--- Recorded information ---

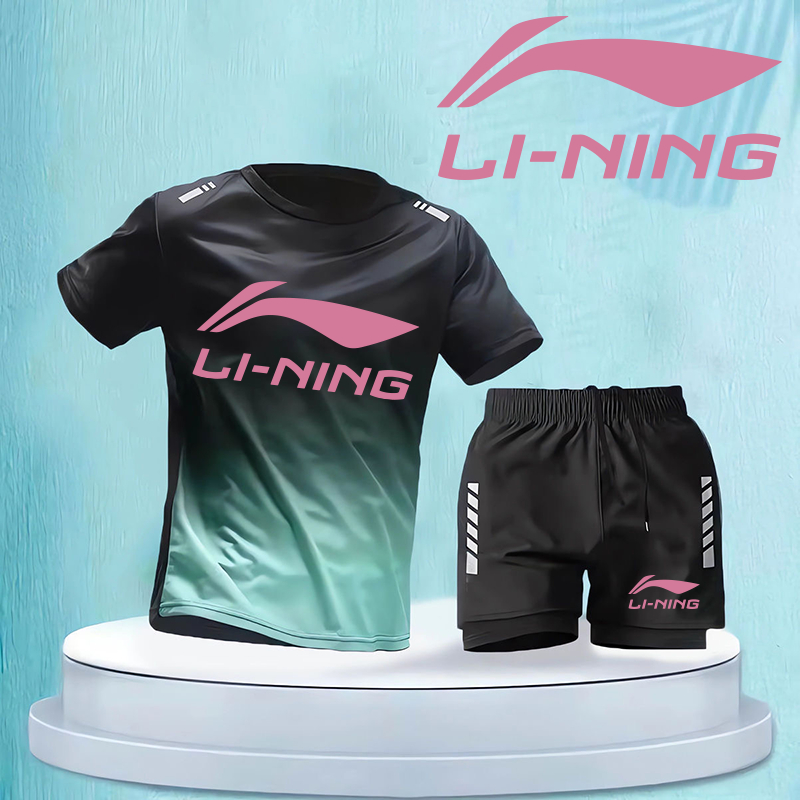 LI NING หลี่หนิงชุดกีฬาตาข่ายแห้งเร็วกีฬาเสื้อยืดผู้ชายผู้หญิงเด็กผ้าไหมน้ําแข็งแห้งเร็วฤดูร้อนบางวิ่งแขนสั้นเสื้อผ้าระบายอากาศด้านบน + กางเกงขาสั้น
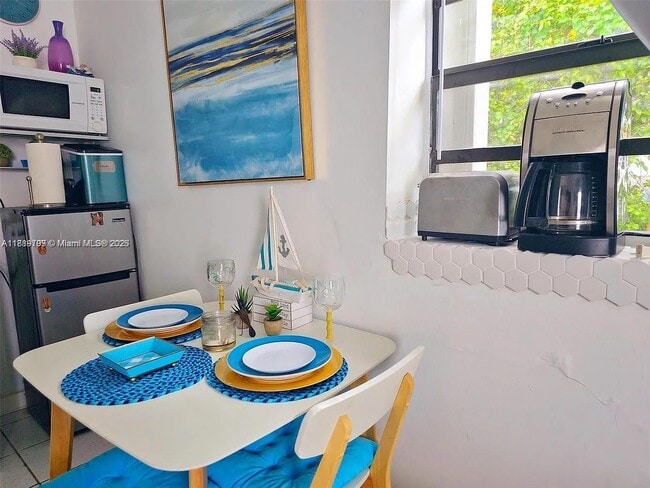 Foto del edificio - 5645 SW 5th Terrace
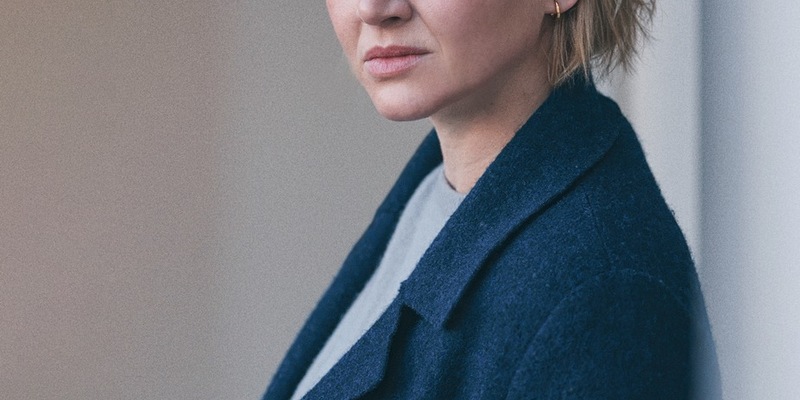 Anna Maria Mühe: Trash-TV ist manchmal Gold wert / Die Schauspielerin im Interview mit der Apotheken Umschau - Foto: presseportal.de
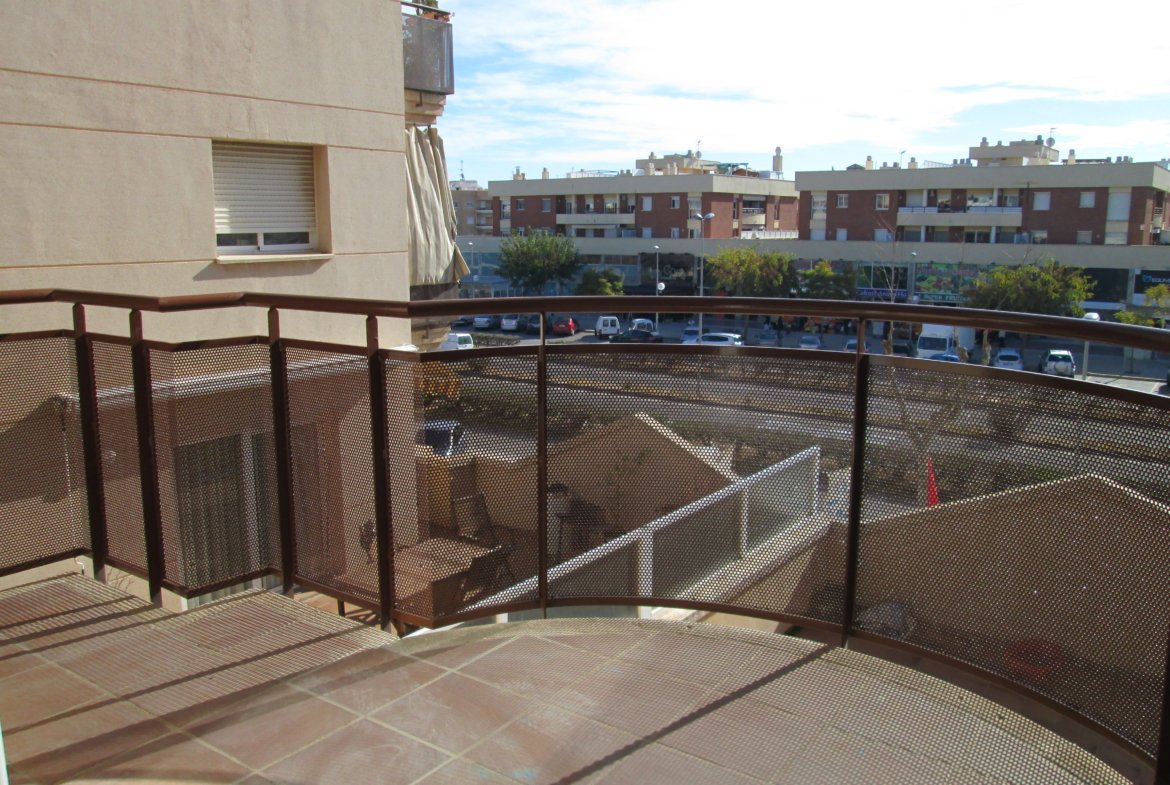 Ref. 32102 Piso en Cunit, zona colegio.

---

▶ _Work instruction_: Excluding pictures, copy exactly the lines from the line containing "Anna Maria Mühe: Trash-TV" through the last line of the data, inclusive.

▶ _Answer to this problem_:
 Anna Maria Mühe: Trash-TV ist manchmal Gold wert / Die Schauspielerin im Interview mit der Apotheken Umschau - Foto: presseportal.de
 Ref. 32102 Piso en Cunit, zona colegio.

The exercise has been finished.